The most moving sound at Remembrance Day ceremonies, to our minds, is not the long-held mournful note of the Last Post—hauntingly beautiful though it is. Nor is it the scorching sound of the flypast as the planes thunder overhead, tearing through the silence.
The sound that moves the soul, always, is the muffled clap-clap-clap of mittened hands as the parade of veterans streams by. At outdoor ceremonies held at cenotaphs on November 11 across the country, we hear sustained applause for fewer veterans every year—no WWI vets remain, of course, and there are fewer WWII vets every time.
Remembrance Day has morphed since it came into being following the end of World War I, when it was called Armistice Day and combined with Thanksgiving. In the 1920s, a lobby pushed for Thanksgiving to be moved so a commemoration of remembrance could stand on its own. In 1931, November 11 was named Remembrance Day.
Since then, observation has ebbed and flowed. The National War Museum notes a sustained public interest in Remembrance Day ceremonies since 1995, the 50th anniversary of the end of World War II. The annual ceremony at the National War Memorial in Ottawa is attended by tens of thousands, many laying their poppies on the Tomb of the Unknown Soldier afterwards, turning the tomb red. Watching the crowd surge forward in that moment to add their poppies, it is tempting to think all is well with remembrance in the country. But as with everything from pipelines to carbon taxes, a patchwork of policy and regional interests exists even here.
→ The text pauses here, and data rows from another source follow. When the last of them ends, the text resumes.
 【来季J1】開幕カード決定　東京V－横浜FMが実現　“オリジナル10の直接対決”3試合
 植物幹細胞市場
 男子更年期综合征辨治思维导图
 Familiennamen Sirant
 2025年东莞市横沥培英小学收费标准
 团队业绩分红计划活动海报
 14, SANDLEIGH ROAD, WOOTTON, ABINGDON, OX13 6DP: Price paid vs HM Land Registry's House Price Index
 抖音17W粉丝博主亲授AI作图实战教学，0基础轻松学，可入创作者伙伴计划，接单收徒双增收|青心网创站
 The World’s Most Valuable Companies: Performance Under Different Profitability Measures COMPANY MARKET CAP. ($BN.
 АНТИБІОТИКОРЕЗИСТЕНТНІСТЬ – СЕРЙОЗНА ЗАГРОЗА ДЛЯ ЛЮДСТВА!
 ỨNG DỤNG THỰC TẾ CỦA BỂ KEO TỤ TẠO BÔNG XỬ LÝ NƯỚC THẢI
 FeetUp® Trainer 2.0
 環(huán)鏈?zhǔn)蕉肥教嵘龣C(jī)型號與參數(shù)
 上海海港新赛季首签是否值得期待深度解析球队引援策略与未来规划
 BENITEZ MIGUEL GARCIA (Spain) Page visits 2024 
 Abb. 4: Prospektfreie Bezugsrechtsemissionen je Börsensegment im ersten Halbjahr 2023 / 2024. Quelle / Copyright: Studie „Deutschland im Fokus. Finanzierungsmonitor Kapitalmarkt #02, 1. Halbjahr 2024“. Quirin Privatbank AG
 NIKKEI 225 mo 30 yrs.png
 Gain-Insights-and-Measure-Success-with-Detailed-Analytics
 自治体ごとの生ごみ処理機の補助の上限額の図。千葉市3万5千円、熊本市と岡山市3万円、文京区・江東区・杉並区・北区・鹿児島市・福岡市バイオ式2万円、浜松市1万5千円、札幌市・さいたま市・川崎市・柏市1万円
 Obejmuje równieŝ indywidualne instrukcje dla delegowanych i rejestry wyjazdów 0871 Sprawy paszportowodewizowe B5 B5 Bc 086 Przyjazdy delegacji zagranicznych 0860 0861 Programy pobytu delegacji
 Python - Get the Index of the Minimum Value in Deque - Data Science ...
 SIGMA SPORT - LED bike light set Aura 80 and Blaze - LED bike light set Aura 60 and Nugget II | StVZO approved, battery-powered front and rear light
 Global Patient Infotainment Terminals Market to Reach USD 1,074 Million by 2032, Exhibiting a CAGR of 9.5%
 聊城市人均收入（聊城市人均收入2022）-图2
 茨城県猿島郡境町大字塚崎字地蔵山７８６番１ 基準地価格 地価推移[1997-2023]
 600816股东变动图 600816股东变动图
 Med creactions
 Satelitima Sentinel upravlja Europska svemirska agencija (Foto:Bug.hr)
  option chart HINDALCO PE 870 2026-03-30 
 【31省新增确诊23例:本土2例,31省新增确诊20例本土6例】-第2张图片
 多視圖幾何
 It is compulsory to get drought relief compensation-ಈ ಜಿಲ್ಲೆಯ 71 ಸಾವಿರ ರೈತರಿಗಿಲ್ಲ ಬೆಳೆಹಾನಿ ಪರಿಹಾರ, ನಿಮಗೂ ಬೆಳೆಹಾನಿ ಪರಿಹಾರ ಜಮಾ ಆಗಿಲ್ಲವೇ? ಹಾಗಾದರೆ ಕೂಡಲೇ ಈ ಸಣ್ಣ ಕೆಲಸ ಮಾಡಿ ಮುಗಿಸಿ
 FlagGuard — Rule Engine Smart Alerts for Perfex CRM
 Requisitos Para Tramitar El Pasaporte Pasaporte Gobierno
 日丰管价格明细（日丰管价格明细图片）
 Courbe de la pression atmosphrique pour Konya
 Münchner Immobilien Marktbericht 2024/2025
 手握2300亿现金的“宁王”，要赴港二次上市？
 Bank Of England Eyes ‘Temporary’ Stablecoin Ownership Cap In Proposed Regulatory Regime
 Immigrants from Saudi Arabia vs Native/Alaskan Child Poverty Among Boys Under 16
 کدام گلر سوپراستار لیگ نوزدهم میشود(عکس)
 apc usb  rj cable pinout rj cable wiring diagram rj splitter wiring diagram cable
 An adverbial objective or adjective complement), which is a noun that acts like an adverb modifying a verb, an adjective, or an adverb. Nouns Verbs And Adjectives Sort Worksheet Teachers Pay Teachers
While federal employees have the day off, provinces and territories determine their own statutory holidays—currently, Ontario, Quebec, Nova Scotia and Manitoba do not designate Remembrance Day as a statutory holiday, although Nova Scotia and Manitoba have enacted observance legislation that provides for some protocols. Schools are in or out, depending on the jurisdiction.
The Royal Canadian Legion is against declaring Remembrance Day a statutory holiday, arguing that children who would have participated in a ceremony at school may not have the chance. “Over time, the holiday side of the day may overtake the meaning of the day, and the tradition of pausing in our daily routine to observe a moment of silence for Fallen Veterans may be lost,” the Legion said in a brief to Parliament.
Canadians disagree. This year, a Historica Canada poll found 90 per cent of Canadians support November 11 being a national statutory holiday. (Eighty-eight per cent agreed it is important to attend Remembrance Day ceremonies while there are still World War II veterans present.*)
On a recent afternoon at Sunnybrook’s Veterans Centre in Toronto (average age, 96), we took the question to veterans during a quiet moment before the afternoon’s entertainment started up with Sweet Caroline.
John Ferris, 94, wants a public holiday so families can attend memorials together. A sergeant in the Air Force in World War II, he attended Remembrance Day ceremonies as a boy with his father at Toronto’s city hall, and with his father again at 21, as a veteran himself, with “somewhat more of an understanding of war’s costs.”
Richard Ratcliffe, 91, wants a public holiday, too. The president of the residents’ council at Sunnybrook and a Navy lieutenant in Korea, he remembers being “up on the bridge in February, cold, nasty, snowing. You wonder: Does anyone back in Canada care that you’re out here?” He doesn’t buy the arguments against a holiday. “It’s an expression of a Canadian drive to be one; it shouldn’t be sectionalized province by province.”
Though there is indeed something beautiful in stopping work at 11 a.m. and standing at our desks in silence, we can do better.
We need to stand together instead, at the thousands of cenotaphs and memorials that dot this country, lean in against the blustery wind and nestle the children beside us for two minutes of silence. We need to do it in all provinces and territories. These dangerous times require nothing less.